Запонь | страница 18



Едва выбрался на твердую почву, сразу же сел, разулся, прилег и заснул. Разбудили меня холод и накрапывающий дождь. Быстро ободрал упавшую березу, зажег костер. Проглотил безо всякого аппетита кусок хлеба. Встал, отправился в путь.

Направление потерял, кружа по болоту. Уперся в линию проволочных заграждений, пошел вдоль нее и забрался в трясину. Что делать? Идти к чернеющему вдалеке лесу? Нет, повернул обратно, вдоль проволоки. На этот раз она выводит меня на дорогу с автомобильной колеей. Посвистывая, пускаюсь в путь. Идти мне весело, после болота песчаная боровая дорога — рай. И солнце все-таки победило на небе, ласкает меня, пригревает.

Долго ли, коротко ли иду сквозными борами, вдруг выхожу на откос — внизу как будто река. Потом оказалось, что это озеро. Вдали золотится большой монастырский купол, справа деревня, должно быть Кондуши.

Спрашиваю у первого встречного:

— Что это за деревня?

— Старая Слобода.

— А сколько до Лодейного?

— Восемнадцать километров.

— А где Кондуши?

— Там... — Малый неопределенно махнул рукой.

Машин нет, дорога тиха, пустынна. Чуть отойдя за деревню, разуваюсь, связываю сапоги портянкой, вешаю их на плечо, ступаю непривычными стопами на колючую студеную щебенку. Заставляю себя поднимать и переставлять ноги, все душевные силы сосредоточиваю только на этом. Решаю идти по пять километров без остановок. Один столб, другой, пятый... Падаю наземь, как куль... Будит меня еле уловимое, как комариный писк, зуденье приближающейся машины. Выползаю на дорогу босой и радостный. (Опять-таки сдвоенное определение!)
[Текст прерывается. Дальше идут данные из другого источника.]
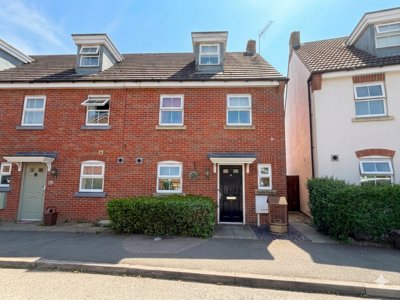 Property on Farnborough Drive, NN11 8AL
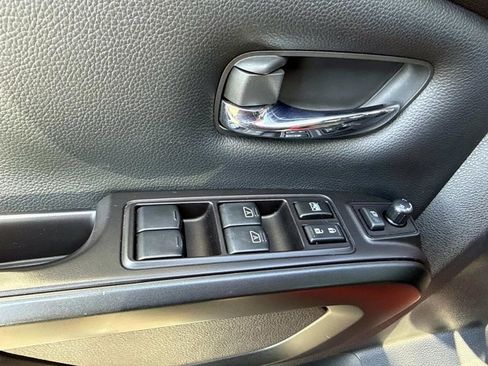 Used 2020 Nissan Titan PRO-4X w/ Pro-4x Convenience Package image 18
На пароме много людей и солнца. Баба в больших сапогах, ватнике, платке, с полинялыми голубыми глазами, в глубине которых что-то такое играет, дразнит, манит. Она отталкивает бревно, преграждающее въезд на паром. Мужики гуртятся вокруг паромщицы, зубоскалят. Баба отмахивается от них лениво, привычно. Свирь, как всегда, безучастно обтекает громоздкое тело ковчега, не пускает его в глубь своих темных вод...»


Иногда я приплывал в этот край на пароходе, с музыкой. Высаживался в Свирице, и запах дерева, воды и травы обещал мне близкое счастье.

Счастье мое начиналось сразу же за последней избой Свирицы — на высоком берегу Ладожского канала, в солнечном мареве, пронизанном цвирканьем ласточек и стрижей, свистом стрижиных крыльев и теньканьем камышовок. Идучи над каналом, можно было полакомиться земляничиной, улыбнуться волочащей свой хвост-прави́ло — от воды до воды — ондатре, налюбоваться чаичьим лётом. А главное — ощутить себя в мире отдельно от всех... Нет, упаси меня бог, я не стремился к отшельничеству или изгойству, никакой «руссоизм» (за «Исповедь» Руссо я хотя и брался, но одолеть ее так и не смог) не втемяшился мне в башку. И счастье мое состояло не только в понятном каждому смертному потреблении благ природы, но еще и в предчувствии творчества, в предощущении Слова, которому я научился служить.